We all have to eat, right? Unless you’re travelling on a shoestring budget, it’s safe to say that dining out is more common when you’re on the road than back at home. It’s so temptingly easy to step into the first restaurant or bar you see, and let’s be honest – we have all done so when hunger was threatening to kill us. However, there is a great chance that you’ll run into one of the places that I have learnt to avoid during my travels. You can learn to avoid them too if you’re aware of these signs, or at least have a laugh.
Flyer girls or boys
While I have nothing against proactive sales efforts, it’s likely that handing out flyers in front of a restaurant is the last resort for a business trying to attract customers. It’s a common method used by restaurants and bars that consider tourists their main target. “Hello, where are you from? Come try our restaurant!” As nice as the person chatting you up may be, think about it – do you know of any quality eateries that hand out brochures to strangers on the street to attract customers? Nope, because they have a regular customer base.
Dominating English signs
Photo by Aleksey Kliger
Even though English is the third most widely spoken language in the world, the problem starts when it’s NOT the native language of your destination. So if you see deals on drinks advertised mainly in English, run as fast as you can. Better yet, venture down a small side street to find the real local places. Luckily the word “bar” is quite internationally used, so you won’t get into too much trouble. And don’t forget that in cities where boozing tourists are a source of income for the locals, the prices differ greatly between the main party streets and the cosy neighbourhood bars.
Traditional dishes for tourists
The eating habits of locals have evolved over time to become something they take for granted, so they certainly don’t need signs announcing “traditional food” or “national cuisine” (See the previous point). Those are for you, silly foreigner. Any roadside joint in Poland is more authentic than the overpriced “local” restaurants on Warsaw’s main street. And trust me, if the waitress recommends the dish “most tourists order” you are indeed in a wrong place. Also, more often than not, traditional costumes are a sign of a tourist trap unless, you know, everyone is wearing them on the street too…

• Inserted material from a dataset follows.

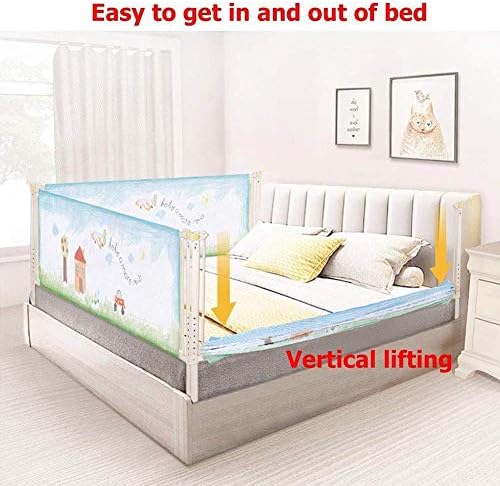 幼児の赤ちゃんと子供のための折りたたみ式ベビーベッドレール ランキングtop5 メッシュベッドガードポータブル 折りたたみ式安全ベッド バリア垂直持ち上げ設計保護ガードを調整します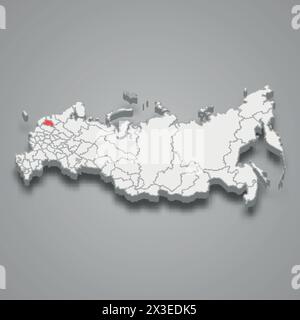 Région de Novgorod mise en évidence en rouge sur une carte 3D de Russie grise Illustration de Vecteur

International staples on the menu
I mean fish ‘n’ chips IS a local dish in the UK, but if it’s on the menu anywhere else you can be almost certain that it’s a sign of a high number of Ryanair flights coming in, or that the city is a popular stag destination. For example Riga probably has more steakhouses than Latvian restaurants, but depending on the neighbouring peoples and their food preferences this might also be pippuripihvi in Tallinn or schnitzel in certain Polish resort towns. For a more authentic experience steer clear of places that feel obliged to have a burger on the menu ‘just in case’ the flood of foreigners might not enter their establishment.
Photos of Food
Photo by Alpha
Even though it seems to be the case in most Asian restaurants around the world no matter how good or bad they are, photos of dishes are not usually a sign of quality. Even though it makes sense at fast food joints, anywhere else they’re more likely to be provided for clueless tourists to help them understand that it IS indeed food that they’re ordering. There’s just something so comforting in knowing what colour the sauce on that completely unknown dish will be…
I’m sure there are exceptions to these rules, but it’s just the reality of life that to find gems you have to dig deeper. What are the signs you have learnt to avoid when eating or drinking out during your travels?